Human hearts are permanently programmed to risk anything for love. We cannot live without love! The flow of giving and receiving love is so intrinsic to our very nature, that when it is obstructed we sometimes feel as if we will die. In this context infidelity is all about existentialism. It’s a path that inevitably forces us to examine our lives, our values, and the contents of our hearts. And most people don’t realize they are on it, until the chaos erupts all around them. But remember, there is intelligence in this chaos, for it points us in the direction of our own achy heart.
So, if you find yourself feeling alone this spring, as Valentine’s Day approaches (in or outside of a relationship), and you feel as if the longings in your heart are about to devour you, just tune into the natural chaos of the season, and see where it takes you.
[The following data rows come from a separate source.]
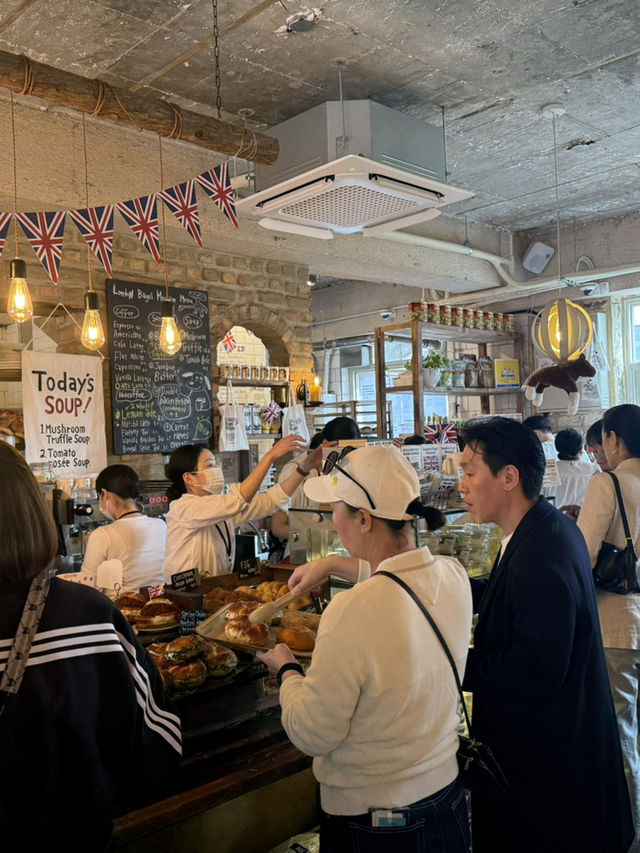韓國首爾/London Bagle Museum 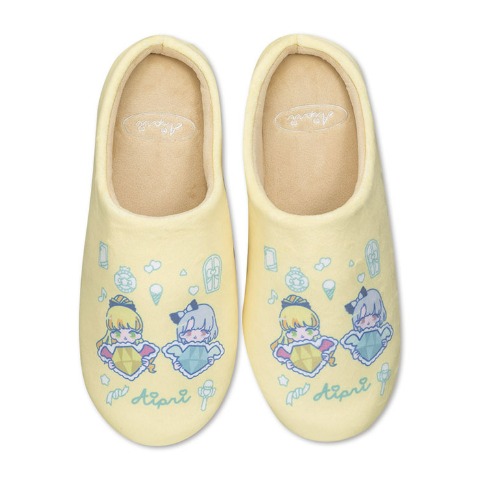 ルームシューズ（ひみつのアイプリ）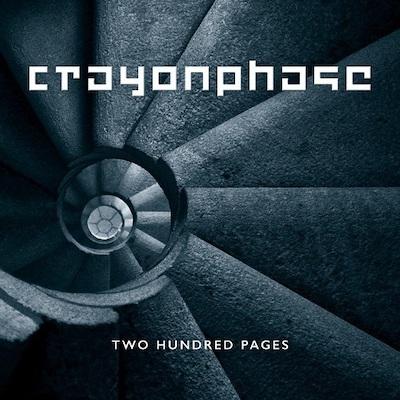 CRAYON PHASE - Two Hundred Pages 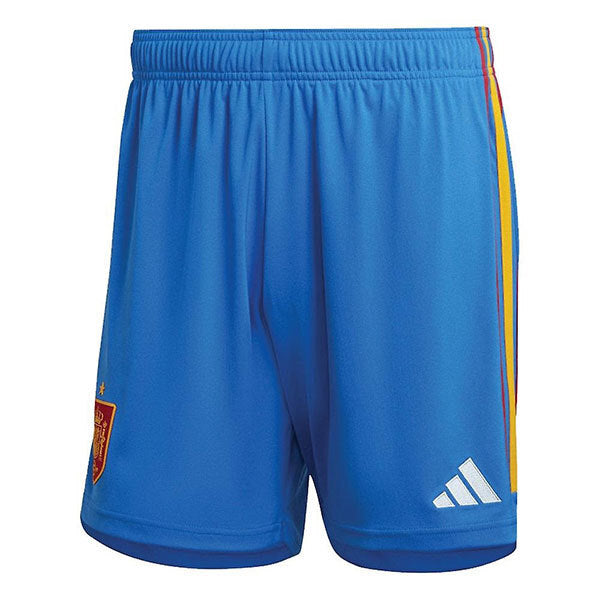 Spain Away Soccer Shorts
You might just find that in the apparently random flight-patterns of honeybees, the wild mating dances of birds, and the savage pulsating of your own heart, there is a hidden, cosmic intelligence that screams:
“Live for Love!”
Because if you don’t it may just mean the slow extermination of our species. At least, this is what the spring season would like us to believe! Tread cautiously, my friend. Or not. But whatever you do, never let your heart starve.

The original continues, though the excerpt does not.